WORK ITEM
All the data below should be printed again without a single difference.
##### INPUT RECORDS #####
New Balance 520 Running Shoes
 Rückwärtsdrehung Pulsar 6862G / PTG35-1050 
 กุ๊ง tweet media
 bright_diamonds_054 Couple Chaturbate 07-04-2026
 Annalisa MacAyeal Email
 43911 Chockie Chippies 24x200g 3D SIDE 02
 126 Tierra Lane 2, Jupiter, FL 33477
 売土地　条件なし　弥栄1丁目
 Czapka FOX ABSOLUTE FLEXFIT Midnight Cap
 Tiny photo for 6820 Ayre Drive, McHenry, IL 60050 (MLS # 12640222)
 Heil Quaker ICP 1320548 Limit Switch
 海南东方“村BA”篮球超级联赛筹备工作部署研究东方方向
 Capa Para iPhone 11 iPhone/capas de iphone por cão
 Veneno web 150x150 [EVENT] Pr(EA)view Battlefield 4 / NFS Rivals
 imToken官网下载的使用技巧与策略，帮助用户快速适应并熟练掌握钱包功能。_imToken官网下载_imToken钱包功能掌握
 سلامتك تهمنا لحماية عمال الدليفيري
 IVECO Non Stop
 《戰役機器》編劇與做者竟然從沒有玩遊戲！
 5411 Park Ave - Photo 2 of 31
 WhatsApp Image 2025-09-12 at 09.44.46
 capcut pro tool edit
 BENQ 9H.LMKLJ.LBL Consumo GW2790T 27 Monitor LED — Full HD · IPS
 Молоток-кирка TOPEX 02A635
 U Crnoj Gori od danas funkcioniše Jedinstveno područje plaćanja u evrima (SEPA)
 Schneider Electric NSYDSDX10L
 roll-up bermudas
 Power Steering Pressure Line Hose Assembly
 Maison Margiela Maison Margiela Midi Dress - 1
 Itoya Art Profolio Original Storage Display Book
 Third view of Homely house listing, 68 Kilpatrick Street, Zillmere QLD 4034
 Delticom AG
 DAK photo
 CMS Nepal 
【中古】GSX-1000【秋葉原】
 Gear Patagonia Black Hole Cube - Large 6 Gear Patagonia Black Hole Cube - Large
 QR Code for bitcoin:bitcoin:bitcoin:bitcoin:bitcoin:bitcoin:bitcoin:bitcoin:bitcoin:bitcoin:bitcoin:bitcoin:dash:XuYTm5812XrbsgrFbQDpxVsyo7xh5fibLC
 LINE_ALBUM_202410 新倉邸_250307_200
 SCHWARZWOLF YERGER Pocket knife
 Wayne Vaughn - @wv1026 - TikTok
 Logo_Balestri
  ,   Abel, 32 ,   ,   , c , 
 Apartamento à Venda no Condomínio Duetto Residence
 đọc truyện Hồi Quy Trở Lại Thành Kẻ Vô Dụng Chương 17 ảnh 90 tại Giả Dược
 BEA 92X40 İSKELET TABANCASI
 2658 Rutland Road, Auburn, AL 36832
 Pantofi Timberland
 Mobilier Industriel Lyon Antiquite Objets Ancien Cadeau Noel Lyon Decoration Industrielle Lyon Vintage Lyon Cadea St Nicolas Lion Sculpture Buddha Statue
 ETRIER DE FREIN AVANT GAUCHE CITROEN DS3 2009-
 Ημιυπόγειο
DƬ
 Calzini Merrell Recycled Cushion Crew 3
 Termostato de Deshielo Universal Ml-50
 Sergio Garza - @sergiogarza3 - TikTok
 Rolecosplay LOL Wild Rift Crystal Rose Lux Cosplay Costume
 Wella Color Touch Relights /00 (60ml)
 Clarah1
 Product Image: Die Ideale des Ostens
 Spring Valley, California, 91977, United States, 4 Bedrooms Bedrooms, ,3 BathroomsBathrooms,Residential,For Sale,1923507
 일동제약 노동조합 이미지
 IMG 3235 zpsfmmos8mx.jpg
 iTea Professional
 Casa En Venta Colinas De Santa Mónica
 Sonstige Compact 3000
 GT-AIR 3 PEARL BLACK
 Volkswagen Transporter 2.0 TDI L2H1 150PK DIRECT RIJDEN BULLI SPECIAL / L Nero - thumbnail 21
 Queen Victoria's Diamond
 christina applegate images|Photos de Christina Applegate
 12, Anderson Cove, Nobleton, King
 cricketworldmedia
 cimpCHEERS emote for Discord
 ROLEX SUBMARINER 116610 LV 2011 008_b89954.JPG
#####
ANSWER SECTION
New Balance 520 Running Shoes
 Rückwärtsdrehung Pulsar 6862G / PTG35-1050 
 กุ๊ง tweet media
 bright_diamonds_054 Couple Chaturbate 07-04-2026
 Annalisa MacAyeal Email
 43911 Chockie Chippies 24x200g 3D SIDE 02
 126 Tierra Lane 2, Jupiter, FL 33477
 売土地　条件なし　弥栄1丁目
 Czapka FOX ABSOLUTE FLEXFIT Midnight Cap
 Tiny photo for 6820 Ayre Drive, McHenry, IL 60050 (MLS # 12640222)
 Heil Quaker ICP 1320548 Limit Switch
 海南东方“村BA”篮球超级联赛筹备工作部署研究东方方向
 Capa Para iPhone 11 iPhone/capas de iphone por cão
 Veneno web 150x150 [EVENT] Pr(EA)view Battlefield 4 / NFS Rivals
 imToken官网下载的使用技巧与策略，帮助用户快速适应并熟练掌握钱包功能。_imToken官网下载_imToken钱包功能掌握
 سلامتك تهمنا لحماية عمال الدليفيري
 IVECO Non Stop
 《戰役機器》編劇與做者竟然從沒有玩遊戲！
 5411 Park Ave - Photo 2 of 31
 WhatsApp Image 2025-09-12 at 09.44.46
 capcut pro tool edit
 BENQ 9H.LMKLJ.LBL Consumo GW2790T 27 Monitor LED — Full HD · IPS
 Молоток-кирка TOPEX 02A635
 U Crnoj Gori od danas funkcioniše Jedinstveno područje plaćanja u evrima (SEPA)
 Schneider Electric NSYDSDX10L
 roll-up bermudas
 Power Steering Pressure Line Hose Assembly
 Maison Margiela Maison Margiela Midi Dress - 1
 Itoya Art Profolio Original Storage Display Book
 Third view of Homely house listing, 68 Kilpatrick Street, Zillmere QLD 4034
 Delticom AG
 DAK photo
 CMS Nepal 
【中古】GSX-1000【秋葉原】
 Gear Patagonia Black Hole Cube - Large 6 Gear Patagonia Black Hole Cube - Large
 QR Code for bitcoin:bitcoin:bitcoin:bitcoin:bitcoin:bitcoin:bitcoin:bitcoin:bitcoin:bitcoin:bitcoin:bitcoin:dash:XuYTm5812XrbsgrFbQDpxVsyo7xh5fibLC
 LINE_ALBUM_202410 新倉邸_250307_200
 SCHWARZWOLF YERGER Pocket knife
 Wayne Vaughn - @wv1026 - TikTok
 Logo_Balestri
  ,   Abel, 32 ,   ,   , c , 
 Apartamento à Venda no Condomínio Duetto Residence
 đọc truyện Hồi Quy Trở Lại Thành Kẻ Vô Dụng Chương 17 ảnh 90 tại Giả Dược
 BEA 92X40 İSKELET TABANCASI
 2658 Rutland Road, Auburn, AL 36832
 Pantofi Timberland
 Mobilier Industriel Lyon Antiquite Objets Ancien Cadeau Noel Lyon Decoration Industrielle Lyon Vintage Lyon Cadea St Nicolas Lion Sculpture Buddha Statue
 ETRIER DE FREIN AVANT GAUCHE CITROEN DS3 2009-
 Ημιυπόγειο
DƬ
 Calzini Merrell Recycled Cushion Crew 3
 Termostato de Deshielo Universal Ml-50
 Sergio Garza - @sergiogarza3 - TikTok
 Rolecosplay LOL Wild Rift Crystal Rose Lux Cosplay Costume
 Wella Color Touch Relights /00 (60ml)
 Clarah1
 Product Image: Die Ideale des Ostens
 Spring Valley, California, 91977, United States, 4 Bedrooms Bedrooms, ,3 BathroomsBathrooms,Residential,For Sale,1923507
 일동제약 노동조합 이미지
 IMG 3235 zpsfmmos8mx.jpg
 iTea Professional
 Casa En Venta Colinas De Santa Mónica
 Sonstige Compact 3000
 GT-AIR 3 PEARL BLACK
 Volkswagen Transporter 2.0 TDI L2H1 150PK DIRECT RIJDEN BULLI SPECIAL / L Nero - thumbnail 21
 Queen Victoria's Diamond
 christina applegate images|Photos de Christina Applegate
 12, Anderson Cove, Nobleton, King
 cricketworldmedia
 cimpCHEERS emote for Discord
 ROLEX SUBMARINER 116610 LV 2011 008_b89954.JPG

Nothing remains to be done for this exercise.